Act 5: The Promise of systemd

  • Messaging transports: “I’m not a big fan of dbus, but I am a big fan of messaging.” If Benno were to write one, it would be in the kernel spafe, and have a lot more robustness in auth and security.
    • Then you can have an RPC framwework.
    • You can abstract away whether a given interface is handled by a userspace daemon or a kernel service.
  • Service Lifecycle: Windows had this from day one. Unix never really did. You don’t have to install all sorts of bolt-ons.
  • Automation via API: once you can setup and configure by API, instead of a gaggle of shell scripts, you’ve got everything an appliance vendor needs out of the box.
  • Containers are great: it’s a wonderful way of encapsulating thing.

A system layer is a great way of doing these things!

Consistent naming of devices is great! Logging, auditing, and event handling that are properly structured, and append only, is a great thing.

You now have a new model of an application; instead of having to cram everything into a single binary, you can wrap a group of binaries into a container and manage it is a single unit.

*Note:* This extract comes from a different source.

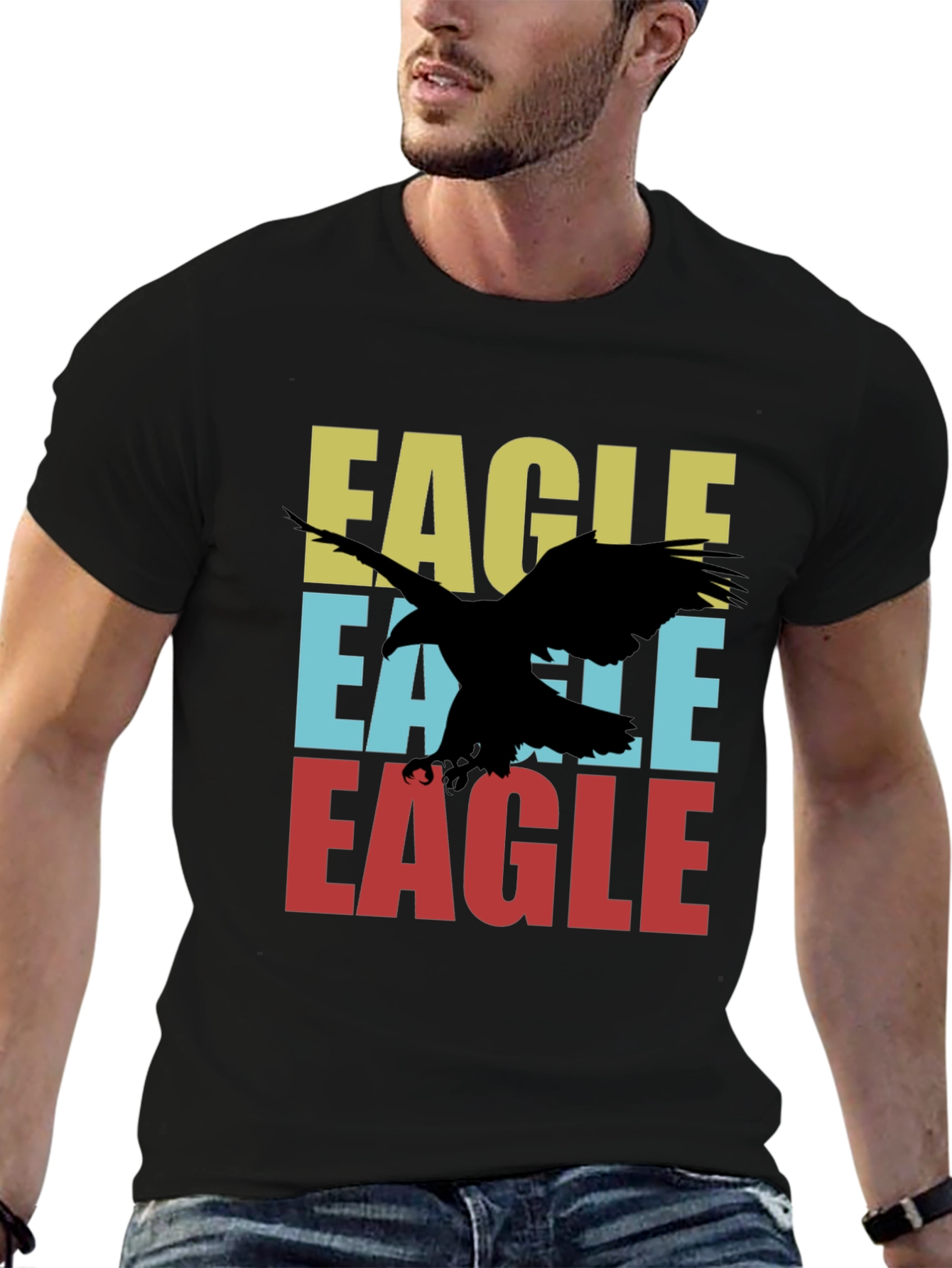 Black Retro Eagle Graphic Tee - Cool Bird Lover Design view 6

The world is changing around us: we can either try the change, evaluate it calmly and logically, rather than rejecting it blindly.

Q&A

  • Could launchd have been ported across? Probably not; launchd is as OS X specific as systemd is Linux specific.
  • Aren’t containers DLL hell? No. That’s when applications see too many versions of a library and applications get the wrong one. It’s more like Go static builds.
  • Would you be willing to come to the Linux Plumbers’ Conference and run a systemd session? I’ll take that on notice.
  • Do you feel there’s been a chilling effect on people putting good ideas forward because of the hostile reaction against systemd? It’s possible; whenever you touch things like this, you’ll get angst. The code is hard, the people management is hard.
  • Where’s FreeBSD at with next generation init? There’s OpenRC, but they’re a long way from any idea of a system layer. This is one of the things Benno finds very frustrating - it’s more than just starting processes.
  • systemd has taken on a bunch of services; do all of them make sense? Here’s an interesting thought experiment: if systemd had focused less on implementing these things, but having a well-defined API, perhaps they could have relied on a bigger community of projects and people? Maybe they don’t need to be there in the long term.
  • What are the advantages of systemd on embedded devices rather than desktop or server cases? If embedded devices have any dynanism you no longer have to write code to manage it.
  • How well did this talk go down with the FreeBSD audience? The only real pushback was against the specific tool: the idea is not considered unreasonable.
  • What needs to change betweem the broader community and the systemd team to make things go better in the future? Watch Adam Harvey’s talk on major version changes; you have to give people good reasons to want to change, not just beat them around the head.
  • Are there any areas systemd go further in? The messaging and RPC should be better thought about and more pervasive. It would allow a lot more interesting control and security features.

Penguin Dinner

A great night at the Wigram Air Force museam - a fantastic venue, a very nice dinner, and of course, great company.